**PROBLEM REQUIREMENTS:**
Scan the records below. Report the number of lines containing the word "Full", and nothing more.
DATA SUPPLIED section start
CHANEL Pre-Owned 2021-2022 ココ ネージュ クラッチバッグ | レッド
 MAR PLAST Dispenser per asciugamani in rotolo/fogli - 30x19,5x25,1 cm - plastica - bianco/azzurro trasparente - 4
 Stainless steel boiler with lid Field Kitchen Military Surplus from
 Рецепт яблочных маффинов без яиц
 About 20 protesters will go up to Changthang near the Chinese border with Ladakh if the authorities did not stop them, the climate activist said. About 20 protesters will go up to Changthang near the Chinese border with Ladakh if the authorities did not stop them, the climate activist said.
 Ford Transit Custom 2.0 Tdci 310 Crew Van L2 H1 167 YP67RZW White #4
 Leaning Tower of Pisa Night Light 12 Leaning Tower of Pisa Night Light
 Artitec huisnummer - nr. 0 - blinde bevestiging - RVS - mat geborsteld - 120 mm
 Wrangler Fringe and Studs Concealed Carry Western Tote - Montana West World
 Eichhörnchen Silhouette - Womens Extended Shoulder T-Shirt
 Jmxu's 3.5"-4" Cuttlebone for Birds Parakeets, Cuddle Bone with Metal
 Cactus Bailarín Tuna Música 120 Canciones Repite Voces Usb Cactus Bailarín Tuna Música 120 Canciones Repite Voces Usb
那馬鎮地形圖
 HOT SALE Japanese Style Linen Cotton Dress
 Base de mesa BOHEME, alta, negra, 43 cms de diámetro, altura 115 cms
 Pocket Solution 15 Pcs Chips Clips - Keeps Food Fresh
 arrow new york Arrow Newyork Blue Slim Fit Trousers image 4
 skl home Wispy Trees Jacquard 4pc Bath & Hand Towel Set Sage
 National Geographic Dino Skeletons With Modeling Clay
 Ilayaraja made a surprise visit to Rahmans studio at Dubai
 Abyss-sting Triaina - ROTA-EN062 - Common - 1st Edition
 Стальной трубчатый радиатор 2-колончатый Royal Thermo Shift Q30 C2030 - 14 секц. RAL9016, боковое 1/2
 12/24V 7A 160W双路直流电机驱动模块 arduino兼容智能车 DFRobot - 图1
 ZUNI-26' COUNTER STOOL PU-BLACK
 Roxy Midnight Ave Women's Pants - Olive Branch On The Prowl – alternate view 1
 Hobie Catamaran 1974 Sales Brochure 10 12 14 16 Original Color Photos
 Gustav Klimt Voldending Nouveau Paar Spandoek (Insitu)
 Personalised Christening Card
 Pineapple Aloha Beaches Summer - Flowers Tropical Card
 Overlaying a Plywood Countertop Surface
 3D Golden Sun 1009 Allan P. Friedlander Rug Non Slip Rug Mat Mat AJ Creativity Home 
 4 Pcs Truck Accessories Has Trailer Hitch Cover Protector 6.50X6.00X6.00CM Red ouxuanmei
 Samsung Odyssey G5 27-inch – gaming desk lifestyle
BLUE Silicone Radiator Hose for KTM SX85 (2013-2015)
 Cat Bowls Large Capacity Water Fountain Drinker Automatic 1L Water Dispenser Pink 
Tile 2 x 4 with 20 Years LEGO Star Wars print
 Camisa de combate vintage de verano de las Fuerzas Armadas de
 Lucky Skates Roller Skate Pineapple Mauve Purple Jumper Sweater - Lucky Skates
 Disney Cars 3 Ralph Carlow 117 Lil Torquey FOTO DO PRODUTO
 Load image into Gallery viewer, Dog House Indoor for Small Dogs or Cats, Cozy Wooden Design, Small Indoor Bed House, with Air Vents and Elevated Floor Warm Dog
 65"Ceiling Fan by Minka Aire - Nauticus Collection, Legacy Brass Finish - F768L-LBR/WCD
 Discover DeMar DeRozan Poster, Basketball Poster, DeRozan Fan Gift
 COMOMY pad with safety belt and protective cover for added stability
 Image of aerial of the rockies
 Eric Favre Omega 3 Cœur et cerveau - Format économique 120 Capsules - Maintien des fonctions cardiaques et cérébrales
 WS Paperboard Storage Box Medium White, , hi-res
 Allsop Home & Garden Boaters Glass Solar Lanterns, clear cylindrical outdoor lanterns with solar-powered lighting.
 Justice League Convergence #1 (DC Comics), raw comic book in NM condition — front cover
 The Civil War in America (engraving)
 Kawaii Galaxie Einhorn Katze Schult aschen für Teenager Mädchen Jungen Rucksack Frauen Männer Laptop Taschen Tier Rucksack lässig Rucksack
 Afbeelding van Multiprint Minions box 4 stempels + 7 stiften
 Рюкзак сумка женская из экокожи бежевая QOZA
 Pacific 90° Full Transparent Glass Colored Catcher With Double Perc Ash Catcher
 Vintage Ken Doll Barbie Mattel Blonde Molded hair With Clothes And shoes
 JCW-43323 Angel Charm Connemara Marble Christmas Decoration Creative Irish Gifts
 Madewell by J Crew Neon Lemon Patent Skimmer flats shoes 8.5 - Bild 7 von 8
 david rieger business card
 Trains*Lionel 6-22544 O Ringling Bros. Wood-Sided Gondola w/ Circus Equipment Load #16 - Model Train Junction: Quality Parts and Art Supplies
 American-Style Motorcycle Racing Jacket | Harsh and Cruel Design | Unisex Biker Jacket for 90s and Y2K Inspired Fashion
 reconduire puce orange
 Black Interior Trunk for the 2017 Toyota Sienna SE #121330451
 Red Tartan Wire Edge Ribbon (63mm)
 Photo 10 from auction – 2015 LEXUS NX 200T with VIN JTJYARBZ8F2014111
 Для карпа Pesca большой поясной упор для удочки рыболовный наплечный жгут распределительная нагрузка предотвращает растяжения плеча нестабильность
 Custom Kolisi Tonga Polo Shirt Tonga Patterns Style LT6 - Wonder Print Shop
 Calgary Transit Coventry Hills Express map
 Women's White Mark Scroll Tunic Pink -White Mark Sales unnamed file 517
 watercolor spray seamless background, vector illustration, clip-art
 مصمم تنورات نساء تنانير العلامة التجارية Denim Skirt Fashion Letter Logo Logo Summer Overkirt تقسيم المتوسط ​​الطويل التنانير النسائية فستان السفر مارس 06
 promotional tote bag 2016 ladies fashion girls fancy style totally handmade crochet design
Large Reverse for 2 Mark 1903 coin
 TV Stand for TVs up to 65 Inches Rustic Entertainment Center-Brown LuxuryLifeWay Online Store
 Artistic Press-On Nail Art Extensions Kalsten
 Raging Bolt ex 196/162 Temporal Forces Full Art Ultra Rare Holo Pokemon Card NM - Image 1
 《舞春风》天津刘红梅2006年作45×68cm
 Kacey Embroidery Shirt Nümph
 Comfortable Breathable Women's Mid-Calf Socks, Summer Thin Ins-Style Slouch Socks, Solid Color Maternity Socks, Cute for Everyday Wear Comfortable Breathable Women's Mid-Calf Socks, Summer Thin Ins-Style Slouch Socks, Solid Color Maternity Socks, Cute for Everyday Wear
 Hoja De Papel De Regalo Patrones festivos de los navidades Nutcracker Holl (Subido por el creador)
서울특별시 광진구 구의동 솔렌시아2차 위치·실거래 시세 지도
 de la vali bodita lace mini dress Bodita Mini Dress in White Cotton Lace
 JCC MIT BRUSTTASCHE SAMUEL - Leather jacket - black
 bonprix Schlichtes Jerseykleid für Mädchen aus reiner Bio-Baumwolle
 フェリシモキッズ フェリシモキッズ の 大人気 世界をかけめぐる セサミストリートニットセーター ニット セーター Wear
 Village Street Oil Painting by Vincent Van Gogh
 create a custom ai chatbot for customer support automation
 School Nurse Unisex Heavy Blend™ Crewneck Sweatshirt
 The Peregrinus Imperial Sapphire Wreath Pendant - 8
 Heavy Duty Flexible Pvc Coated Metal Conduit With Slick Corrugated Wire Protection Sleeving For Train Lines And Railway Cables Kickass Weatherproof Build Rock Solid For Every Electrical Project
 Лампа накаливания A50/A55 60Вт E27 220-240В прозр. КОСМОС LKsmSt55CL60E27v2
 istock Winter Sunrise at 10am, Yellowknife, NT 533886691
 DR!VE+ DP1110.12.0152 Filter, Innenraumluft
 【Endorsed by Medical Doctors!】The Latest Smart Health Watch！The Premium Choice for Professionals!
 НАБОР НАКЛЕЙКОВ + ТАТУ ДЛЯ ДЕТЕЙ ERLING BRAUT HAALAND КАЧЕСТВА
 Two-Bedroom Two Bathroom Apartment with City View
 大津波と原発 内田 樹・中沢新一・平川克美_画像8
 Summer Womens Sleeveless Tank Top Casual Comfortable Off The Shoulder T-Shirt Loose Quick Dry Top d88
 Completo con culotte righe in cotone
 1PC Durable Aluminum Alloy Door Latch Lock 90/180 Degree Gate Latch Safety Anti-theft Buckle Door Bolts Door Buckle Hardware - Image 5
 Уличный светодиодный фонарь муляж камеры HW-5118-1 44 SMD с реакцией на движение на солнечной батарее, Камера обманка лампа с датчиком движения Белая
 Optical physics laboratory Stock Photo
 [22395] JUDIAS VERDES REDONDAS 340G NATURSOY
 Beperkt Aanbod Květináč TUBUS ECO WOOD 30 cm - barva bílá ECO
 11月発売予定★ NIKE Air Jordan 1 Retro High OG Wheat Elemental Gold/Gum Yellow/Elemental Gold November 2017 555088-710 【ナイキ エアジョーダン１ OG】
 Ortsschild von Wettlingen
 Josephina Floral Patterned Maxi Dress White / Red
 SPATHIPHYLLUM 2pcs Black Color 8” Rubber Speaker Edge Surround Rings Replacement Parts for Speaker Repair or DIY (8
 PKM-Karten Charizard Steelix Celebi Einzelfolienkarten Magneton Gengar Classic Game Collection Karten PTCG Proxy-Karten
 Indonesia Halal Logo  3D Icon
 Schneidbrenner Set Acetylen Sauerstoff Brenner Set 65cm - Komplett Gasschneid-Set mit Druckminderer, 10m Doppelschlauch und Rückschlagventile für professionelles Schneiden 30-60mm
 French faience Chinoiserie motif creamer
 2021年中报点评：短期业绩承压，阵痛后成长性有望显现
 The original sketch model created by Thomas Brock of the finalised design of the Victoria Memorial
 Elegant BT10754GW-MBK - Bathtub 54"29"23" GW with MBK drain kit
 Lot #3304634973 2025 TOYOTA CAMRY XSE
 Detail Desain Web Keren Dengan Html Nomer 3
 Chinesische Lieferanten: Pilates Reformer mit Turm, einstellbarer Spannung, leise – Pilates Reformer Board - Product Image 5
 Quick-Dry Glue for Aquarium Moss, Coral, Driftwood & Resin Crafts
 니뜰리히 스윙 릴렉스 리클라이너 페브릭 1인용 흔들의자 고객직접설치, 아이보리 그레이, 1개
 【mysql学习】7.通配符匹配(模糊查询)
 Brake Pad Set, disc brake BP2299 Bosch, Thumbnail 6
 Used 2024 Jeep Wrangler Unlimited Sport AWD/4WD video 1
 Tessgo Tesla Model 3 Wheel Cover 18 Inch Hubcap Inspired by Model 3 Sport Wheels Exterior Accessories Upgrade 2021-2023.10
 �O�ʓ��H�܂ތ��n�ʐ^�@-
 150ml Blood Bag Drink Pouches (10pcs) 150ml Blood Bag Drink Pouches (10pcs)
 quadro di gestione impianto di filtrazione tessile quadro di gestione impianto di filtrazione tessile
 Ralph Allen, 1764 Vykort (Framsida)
DATA SUPPLIED section end
**SOLUTION TO THIS EXERCISE:**
2